| A la galerie Druet, nous avons le plaisir de trouver la Provence peinte par un provençal, Pierre Girieud. Cet artiste qui débuta par une grande toile : « La Tentation de saint Antoine », où il se révélait passionné de couleurs, de chatoiements, de décor, d'orientalisme, semblait prédestiné à voyager en Egypte et en Syrie comme ses devanciers méditerranéens Loubon, Barry, Dufeu. Mais c'est dans sa seule Provence qu'il voyage. Il le fait chaque année avec un amour singulièrement sympathique, car il y entre autant d'attachement instinctif que d'érudition classique. Fervent admirateur des paysages italiens, tels qu'ils se gravent au fond des tableaux des primitifs et des maîtres de la Renaissance, il s'enthousiasme à retrouver entre le Rhône, la Durance et les Alpes, des sites qui eussent pu, par leur grandeur et leur pureté, encadrer aussi bien des scènes de la mythologie que de l'évangile, des « Jugement de Pâris » que des « Nativités ». Cette fois Girieud nous découvre une sorte de Provence dont la nature nous apparaît féodale, les villages alpestres qui, comme des escaliers, s'adossent aux contreforts des montagnes crénelées comme les plus romantiques donjons.
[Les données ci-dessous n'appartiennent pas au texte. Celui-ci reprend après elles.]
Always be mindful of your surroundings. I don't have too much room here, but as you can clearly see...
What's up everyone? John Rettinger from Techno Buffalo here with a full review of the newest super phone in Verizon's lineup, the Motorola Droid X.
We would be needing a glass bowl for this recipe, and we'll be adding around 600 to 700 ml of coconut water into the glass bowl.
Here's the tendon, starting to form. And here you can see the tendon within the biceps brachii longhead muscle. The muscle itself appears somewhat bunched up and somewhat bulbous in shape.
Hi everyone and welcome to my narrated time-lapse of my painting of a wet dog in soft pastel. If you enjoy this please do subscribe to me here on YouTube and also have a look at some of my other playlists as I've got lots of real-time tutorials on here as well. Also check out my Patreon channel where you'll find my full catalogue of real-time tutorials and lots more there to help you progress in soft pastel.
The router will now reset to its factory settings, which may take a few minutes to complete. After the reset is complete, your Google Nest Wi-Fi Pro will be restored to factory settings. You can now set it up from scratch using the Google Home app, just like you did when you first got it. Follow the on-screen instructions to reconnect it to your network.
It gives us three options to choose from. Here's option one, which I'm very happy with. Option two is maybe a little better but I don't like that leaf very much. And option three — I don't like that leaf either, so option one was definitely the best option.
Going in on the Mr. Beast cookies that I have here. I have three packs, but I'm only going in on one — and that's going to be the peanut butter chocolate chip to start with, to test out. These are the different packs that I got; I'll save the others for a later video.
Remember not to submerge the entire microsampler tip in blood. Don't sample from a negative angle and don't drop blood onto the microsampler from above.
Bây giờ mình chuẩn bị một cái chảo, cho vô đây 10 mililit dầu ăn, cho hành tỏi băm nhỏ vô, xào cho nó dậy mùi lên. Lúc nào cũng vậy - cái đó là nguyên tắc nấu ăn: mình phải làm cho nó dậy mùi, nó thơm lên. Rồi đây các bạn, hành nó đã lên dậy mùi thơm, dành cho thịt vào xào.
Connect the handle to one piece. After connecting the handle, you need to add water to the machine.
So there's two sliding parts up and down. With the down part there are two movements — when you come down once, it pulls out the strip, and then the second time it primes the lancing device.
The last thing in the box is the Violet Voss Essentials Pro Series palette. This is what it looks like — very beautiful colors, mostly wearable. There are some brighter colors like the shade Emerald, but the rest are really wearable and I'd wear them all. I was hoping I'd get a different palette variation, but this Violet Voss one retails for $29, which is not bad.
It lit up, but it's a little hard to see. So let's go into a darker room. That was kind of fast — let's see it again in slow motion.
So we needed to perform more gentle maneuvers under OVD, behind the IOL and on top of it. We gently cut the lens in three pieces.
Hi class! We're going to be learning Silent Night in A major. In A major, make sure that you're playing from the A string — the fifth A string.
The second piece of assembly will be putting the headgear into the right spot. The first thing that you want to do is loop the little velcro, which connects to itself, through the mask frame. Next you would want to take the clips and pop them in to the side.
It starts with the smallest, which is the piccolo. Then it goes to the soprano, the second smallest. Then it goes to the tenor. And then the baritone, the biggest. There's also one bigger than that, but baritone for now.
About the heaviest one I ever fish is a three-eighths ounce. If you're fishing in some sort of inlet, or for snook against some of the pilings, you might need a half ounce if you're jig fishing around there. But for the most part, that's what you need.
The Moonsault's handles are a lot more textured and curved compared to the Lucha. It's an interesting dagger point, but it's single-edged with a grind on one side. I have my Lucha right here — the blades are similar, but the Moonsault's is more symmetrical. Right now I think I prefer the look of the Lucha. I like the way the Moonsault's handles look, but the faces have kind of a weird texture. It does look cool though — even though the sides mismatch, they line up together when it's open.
Ce qui d'abord éclate ici, c'est une science du dessin qui, par la force et la délicatesse de sa probité, atteint au prestige de la gravure : ces champs d'oliviers, rangés devant des prairies luisantes, ces villages comme mosaïqués dans la masse même des rochers, ces pics aigus comme des pitons, ces vallées où les montagnes semblent à l'infini se répéter comme l'écho l'une de l'autre, ces saisissantes, perspectives de pierre, de lumières, d'azur, sont établis avec magistrale sûreté qui dispense la joie calme de ce qui va durer.
Pour accomplir cette impression de solidité, voici un coloris qui, autant par sa fraîcheur que par sa richesse, semble de l'émail, un émail joyeux où couve à jamais le feu du soleil qui chaque jour le cuit et le lustre : des vert, des bleu, des orangé palpitent dans leur ardente crudité de lave.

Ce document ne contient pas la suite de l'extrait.